В туалет никого не пускали вообще. Люди терпели или ходили под себя. Тех, кто просился — били. Я смог ходить в туалет только когда шел к следователю. Там я прямо умолял милиционеров, говорил, что не пойду к нему в кабинет, если не пустят в туалет. У тех, кого на допрос не водили, не было такой возможности.
Первые десять часов нам вообще не давали воды. Ближе к вечеру дали одну двухлитровую бутылку на 40 человек. Никто на нее не кинулся с жадностью, хотя пить ужасно хотели все. Делали по небольшому глотку, передавали бутылку по кругу. Позже давали еще немного воды, но за все время не больше пяти литров на всех.
После следователя отводили в новый двор — такая коробка четыре на четыре метра. Воду давали уже там. Там иногда разрешали встать, прижавшись к стене — так можно было хоть чуть-чуть размяться. Но вечером нас снова посетил этот самый жестокий милиционер и всех избил.
«Оказаться на больничной койке было прекрасно»
Около восьми вечера меня снова позвали на четвертый этаж. Приехал какой-то начальник, сотрудник белорусского МИДа, как он представился, то ли с помощниками, то ли с охранниками. После мы подписали документы на депортацию и меня прямо в моих дырявых носках эвакуировали.
Перед этим мне встретился молодой сотрудник милиции, младше меня. Мне 23, а ему, наверное, 19-20. Он был самым, если не единственным, человечным из них. Это он приносил воды и не бил, позволял размяться. Я ему очень благодарен.
Перед подписанием документов на депортацию я спрашивал у сотрудника МИД, где Артем, почему меня отправляют одного, но про него никто ничего не знал. Говорили: «Нет никакой информации».
Во время эвакуации я встретился с Максимом Солоповым из «Медузы». Мы вдвоем подписывали документы на депортацию. Его задержали на сутки раньше. Когда мы разговорились, выяснилось, что в камере, в которой его держали, — размером на пять-семь человек — задержанных было около сорока, дышать было невозможно. Мы же все это время лежали на бетоне или земле. Не знаю, кому было хуже.
Позже нас передали сотрудникам российского посольства, я тоже постоянно спрашивал у них про Артема, а они не понимали, о чем речь. Я не хотел уезжать без него, думая, о том, что он остается в этих ужасных условиях.

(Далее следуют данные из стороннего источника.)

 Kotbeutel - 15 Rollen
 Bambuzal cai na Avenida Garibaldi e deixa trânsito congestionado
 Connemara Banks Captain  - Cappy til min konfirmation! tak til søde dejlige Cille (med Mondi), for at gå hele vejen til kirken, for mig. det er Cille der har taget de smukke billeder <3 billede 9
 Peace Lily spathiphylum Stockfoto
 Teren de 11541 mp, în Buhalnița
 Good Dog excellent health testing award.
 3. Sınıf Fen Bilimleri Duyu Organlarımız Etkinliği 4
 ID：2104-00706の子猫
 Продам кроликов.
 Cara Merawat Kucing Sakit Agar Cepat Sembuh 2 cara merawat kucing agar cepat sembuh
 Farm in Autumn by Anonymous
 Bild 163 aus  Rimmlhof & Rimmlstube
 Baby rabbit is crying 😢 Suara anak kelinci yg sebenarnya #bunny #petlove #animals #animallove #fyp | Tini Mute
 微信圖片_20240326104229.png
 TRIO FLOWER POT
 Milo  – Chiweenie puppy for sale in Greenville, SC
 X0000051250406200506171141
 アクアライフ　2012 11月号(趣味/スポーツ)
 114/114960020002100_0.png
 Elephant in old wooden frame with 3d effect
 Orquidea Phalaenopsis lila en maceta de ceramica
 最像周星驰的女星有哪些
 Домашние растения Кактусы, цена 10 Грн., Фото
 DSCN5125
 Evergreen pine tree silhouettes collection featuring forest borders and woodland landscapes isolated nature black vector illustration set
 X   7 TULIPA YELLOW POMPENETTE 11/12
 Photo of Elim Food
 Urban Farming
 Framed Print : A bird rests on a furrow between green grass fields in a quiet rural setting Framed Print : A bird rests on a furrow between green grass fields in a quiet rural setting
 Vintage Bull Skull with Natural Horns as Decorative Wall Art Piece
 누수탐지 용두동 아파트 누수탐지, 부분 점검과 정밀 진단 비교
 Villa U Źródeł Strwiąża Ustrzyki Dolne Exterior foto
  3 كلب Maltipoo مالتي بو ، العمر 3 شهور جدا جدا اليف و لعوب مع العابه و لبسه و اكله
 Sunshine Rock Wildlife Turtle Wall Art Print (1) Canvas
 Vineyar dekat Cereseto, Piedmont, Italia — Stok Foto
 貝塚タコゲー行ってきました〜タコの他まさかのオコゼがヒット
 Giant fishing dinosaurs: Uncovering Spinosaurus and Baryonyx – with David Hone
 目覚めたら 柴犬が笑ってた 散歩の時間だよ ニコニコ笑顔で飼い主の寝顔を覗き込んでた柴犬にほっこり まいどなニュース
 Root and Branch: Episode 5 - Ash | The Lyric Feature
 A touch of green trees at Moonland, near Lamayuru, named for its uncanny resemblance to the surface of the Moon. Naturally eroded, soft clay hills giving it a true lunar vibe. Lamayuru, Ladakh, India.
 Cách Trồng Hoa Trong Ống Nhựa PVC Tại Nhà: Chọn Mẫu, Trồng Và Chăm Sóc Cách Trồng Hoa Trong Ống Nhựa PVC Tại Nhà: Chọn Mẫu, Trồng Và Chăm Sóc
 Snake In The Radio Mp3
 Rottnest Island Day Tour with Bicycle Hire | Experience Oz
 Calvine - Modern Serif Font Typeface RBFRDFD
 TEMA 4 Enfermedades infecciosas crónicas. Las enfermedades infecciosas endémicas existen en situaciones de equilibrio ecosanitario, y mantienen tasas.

В посольстве нас накормили горячей едой, посол купил мне обувь. Там же мне оформили временные документы — свой телефон, паспорт, деньги я не видел с тех пор, как их отобрал ОМОН. Сотрудники посольства вели себя очень приятно и вежливо, постоянно извинялись. Там я созвонился с моим адвокатом из «Правозащиты Открытки» Антоном Гашинским. Он уже позвонил моей невесте, которая все это время не знала, где я нахожусь, не спала двое суток.
Я очень благодарен всем людям, которые принимали в моем возвращении хоть какое-то участие.
Тем же вечером мы пересекли границу, ночью были в Смоленске и утром уже в Москве. И я сразу пошел в больницу. Когда я оказался на больничной койке, это было прекрасно, хотя в синяках даже лежать тяжело.
А сейчас я постоянно думаю, как там Артем. Я там не плакал, а сейчас сижу, и просто слезы льются. Я очень надеюсь и верю, что он скоро тоже вернется домой.